Maintenant, le regard sur la femme, c’est le même que partout ailleurs. Je suis vraiment pour une égalité tant au niveau des histoires qu’au niveau des talents, mais il va falloir du temps. Mais cela va se faire ! En tout cas, nous allons dans la bonne direction.

Dans mon travail, il y a beaucoup de femmes. Le monde de l’édition est un monde très féminin, surtout en jeunesse. On n’est pas mauvais d’un point de vue parité. 

Alors pourquoi dans l’audiovisuel, c’est différent ? Je ne sais pas. Le goût du risque peut-être ? En tout cas, j’admire les producteurs et les productrices qui passent des années à se battre pour des projets. 

Les choses changent. Lentement, c’est vrai, mais elles changent. Mon père ne lisait pas de BD. Il y a 15-20 ans, les directeurs de chaines n’en lisaient pas forcément non plus. Maintenant, nous avons une génération entre 35 et 50 ans qui a baigné dans la BD et l’animation. Ils ont donc un regard complètement différent. Il y a un attrait. 

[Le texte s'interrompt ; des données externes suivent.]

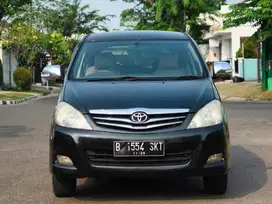 Toyota Kijang Innova G 2.0 AT 2010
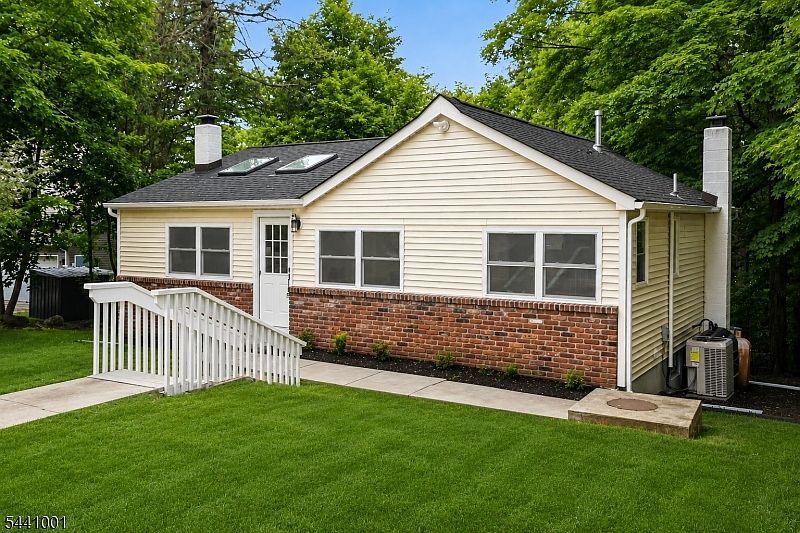 1st image of 30 Belford Dr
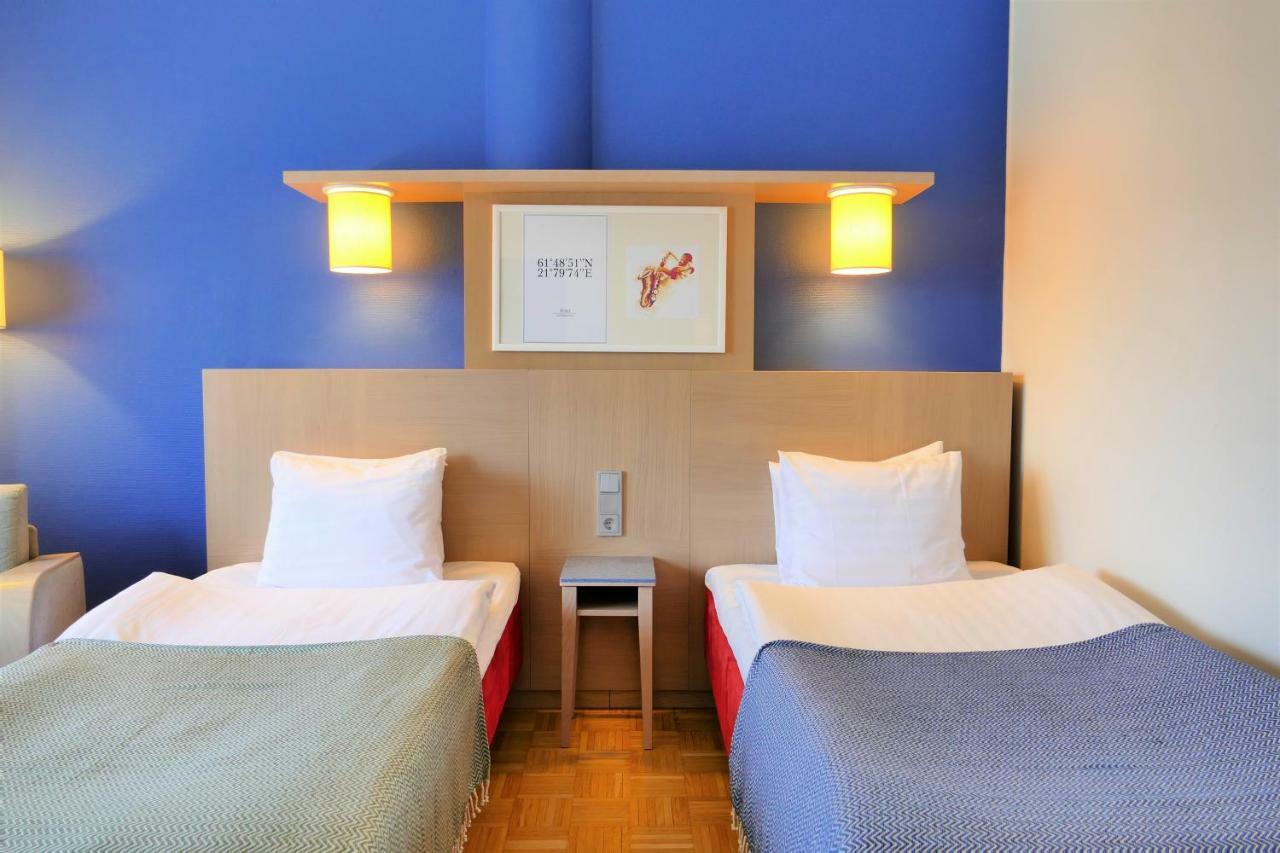 Hotel Bepop Пори Екстериор снимка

Pour un financier, voir arriver un projet qui a déjà été adoubé par un éditeur ou par le marché, est une sorte de garantie. Ce n’est pas idéal pour la création originale, mais c’est vrai que ça nous sert. Ensuite, ce n’est pas parce qu’un livre est bon qu’il fera un très bon film. Et l’inverse également. Parfois, le film est meilleur que le livre. Tout ça, c’est une question d’histoire.

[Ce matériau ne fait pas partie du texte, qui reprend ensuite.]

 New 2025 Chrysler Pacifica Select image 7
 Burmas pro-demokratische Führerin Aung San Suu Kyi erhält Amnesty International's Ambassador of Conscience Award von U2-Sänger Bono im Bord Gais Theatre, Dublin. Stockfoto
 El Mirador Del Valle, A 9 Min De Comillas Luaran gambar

D’ailleurs, mon dernier coup de cœur, même s’il n’est pas récent – je ne l’avais pas vu à sa sortie – c’est Calamity. L’animation est très belle. J’aime ce personnage de petite nana frondeuse, qui va à son destin, qui s’en sort en utilisant les moyens permis dans ce contexte. Finalement, c’est une histoire très contemporaine. C’est une foutue emmerdeuse pour son époque. Elle refuse et transgresse les règles qui lui sont imposées par son sexe et son époque. Je trouve ça chouette pour les enfants, ce modèle. On est loin de La Reine des neiges (rire).

 

Si vous deviez choisir un roman ou une BD ?

« Le magasin général de Tripp et Loisel. On prend le temps. J’adore. Je dévorais les albums. Quand il y en avait un qui sortait, mon petit rituel, c’était de prendre la pile et de tous les relire. C’est une histoire d’émancipation et d’ouverture à l’autre, une vie dans un petit village du Québec des années 20. C’est une femme qui doit apprendre à gérer une boutique alors que son mari vient de mourir. Elle va comprendre ce qu’elle peut apporter au village et son importance pour la communauté. Et puis, c’est chaleureux, drôle. Dans les dessins, il y a plein de détails. C’est magnifique ! Il faut les lire. 

 

Pour finir, pourquoi apportez-vous votre soutien à LFA ?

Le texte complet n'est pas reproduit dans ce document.